Captain Deepak Sathe, the pilot of the Air India Express flight, was among the 18 people who died after the plane crashed at Kerala’s Kozhikode airport on Friday (August 8).
Sathe (58) was a former Wing Commander of the Indian Air Force (IAF) and had served at the force’s flight testing establishment.
He was an alumnus of the National Defence Academy (NDA) in Pune. “Captain Deepak V Sathe was from 58th course of National Defence Academy, Pune. He was from Juliet Squadron,” said Air Marshal Bhushan Gokhale (Retired).
“Sathe passed out from Air Force Academy with Sword of Honour in June 1981 and was a fighter pilot in the Indian Air Force,” he added.
Sathe was also an excellent squash player, he reminisced.
Captain Deepak Sathe had also survived an air crash in the early 1990s when he was in the Air Force and was hospitalised for six months, his cousin, Nilesh Sathe said.

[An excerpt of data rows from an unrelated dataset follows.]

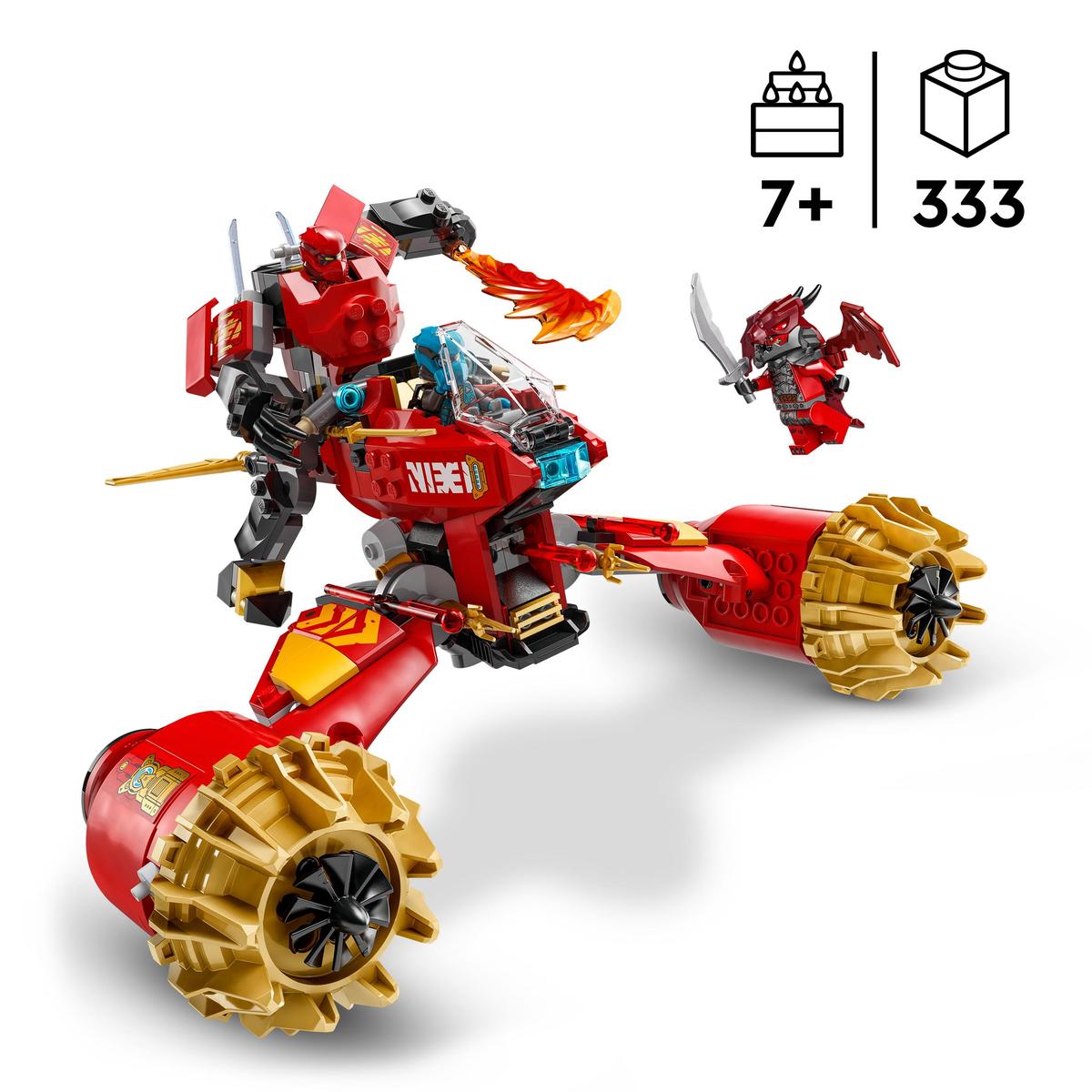 LEGO Ninjago 71830, Kais robotstormfører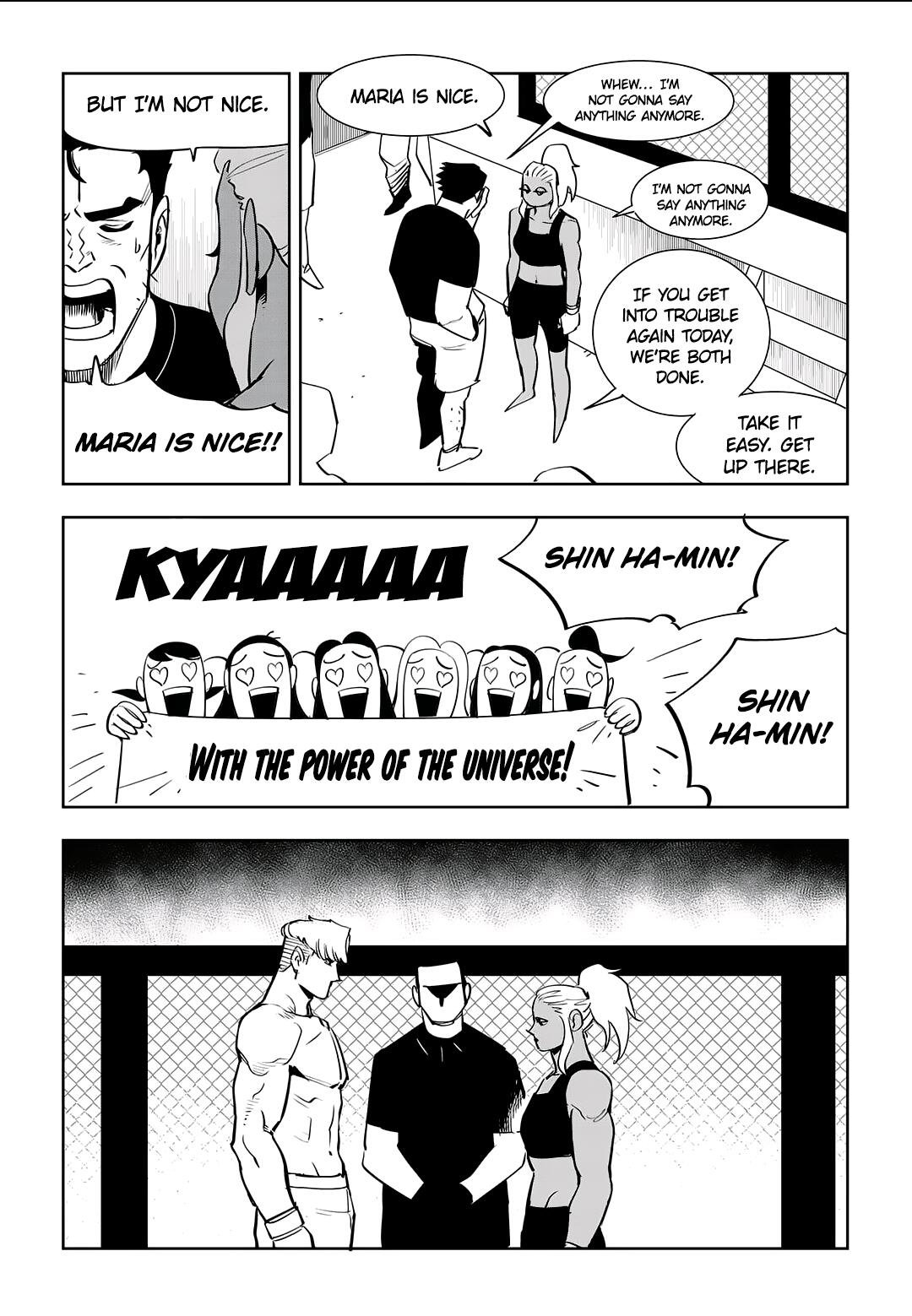 Fight Class 3 Chapter 41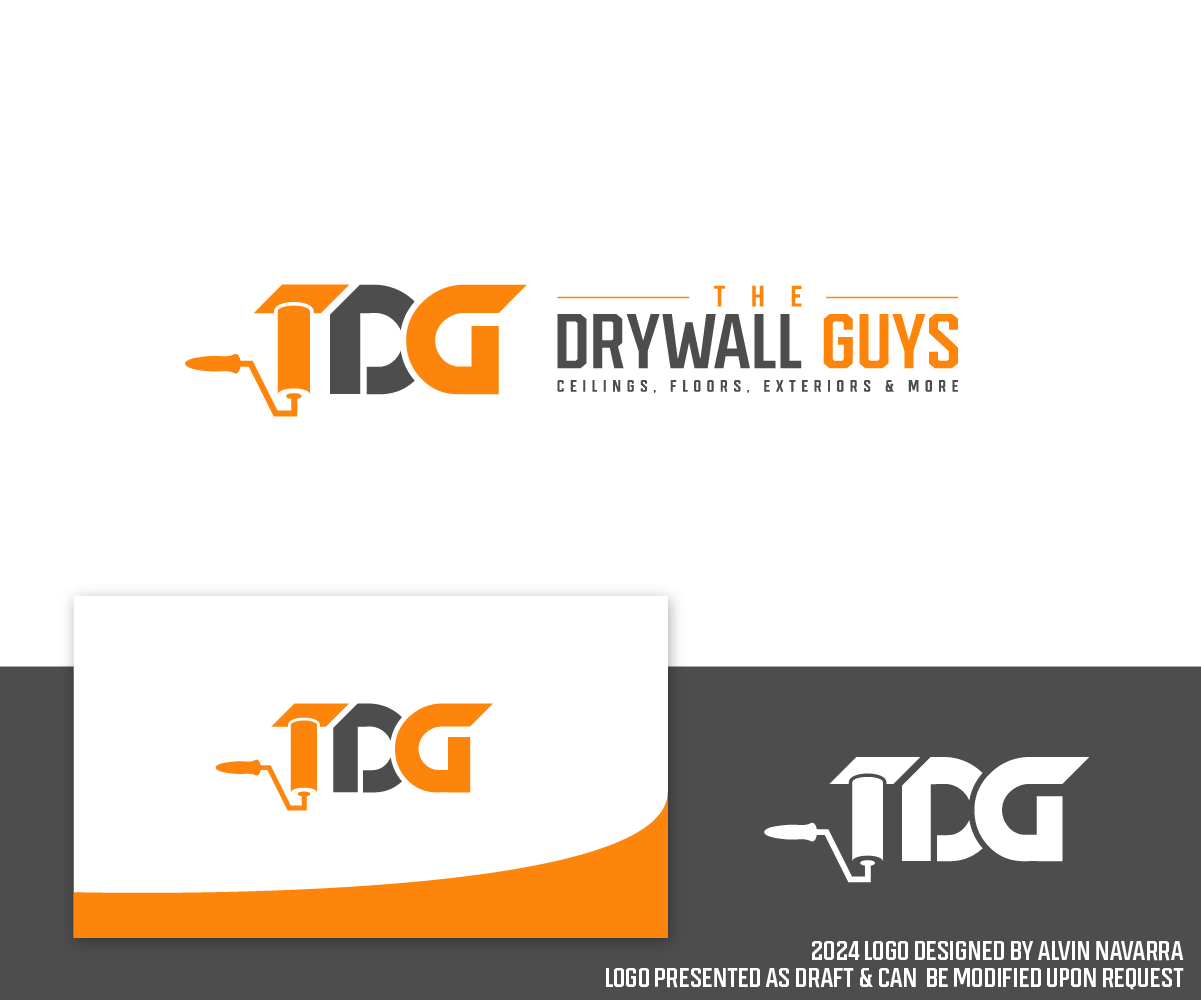 Diseño de Logo por alvinnavarra para The Drywall Guys | Diseño #32445927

Sathe had suffered multiple injuries on his skull in that incident, but due to his strong will power and passion he cleared the test and started flying again, he added.
“He survived in air crash in early nineties when he was in the Air Force. He was hospitalised for 6 months for multiple skull injuries and nobody thought that he would fly again. But his strong will power and love for flying made him clear the test again. It was a miracle,” he said.
His cousin, who is an Advisor of Finance at the National Highways Authority of India (NHAI), said in a Facebook post, “It’s hard to believe that Deepak Sathe, my friend more than my cousin, is no more. He was pilot of Air India Express carrying passengers from Dubai in Vande Bharat Mission, which skidded off the runway at Kozhikode International Airport yesterday night.
“Deepak was an experienced aerial operator with 36 years of flying experience… When I asked him about the Vande Bharat Mission, he was proud of bringing back our countrymen from Arab countries. I asked him, Deepak, do you carry empty aircraft since those countries are not allowing entry of passengers? He had replied, Oh, No. We carry fruits, vegetables, medicines etc to these countries and never the aircraft flies to these countries empty. That was my last conversation with him,” he said.
Reports showed that Sathe was not inexperienced in landing on a tabletop runway, especially the one in Kozhikode, since he had flown to the city many times.
Records proved that he attempted to land the aircraft several times on Friday. Due to heavy rains, he steered the aircraft around the airport twice before managing to touch down. However, the aircraft skidded off the runway due to hydroplaning — when a layer of water forms on the surface, reducing friction with the brakes of a vehicle.
The aircraft then fell into a valley 35 feet below and split into two.
The Vande Bharat flight had 191 people on board.
According to his cousin, Captain Sathe is survived by his wife and two sons, both pass-outs of IIT Bombay.
Sathe’s wife and their elder son, who lives in Bengaluru, have already reached Kerala, Nagpal said, adding that the mortal remains of the deceased pilot was brought back to the city for the last rites.
Meanwhile, Air India sources said the airline was making arrangements to bring Sathe’s younger son, who is based in the US, back to the country.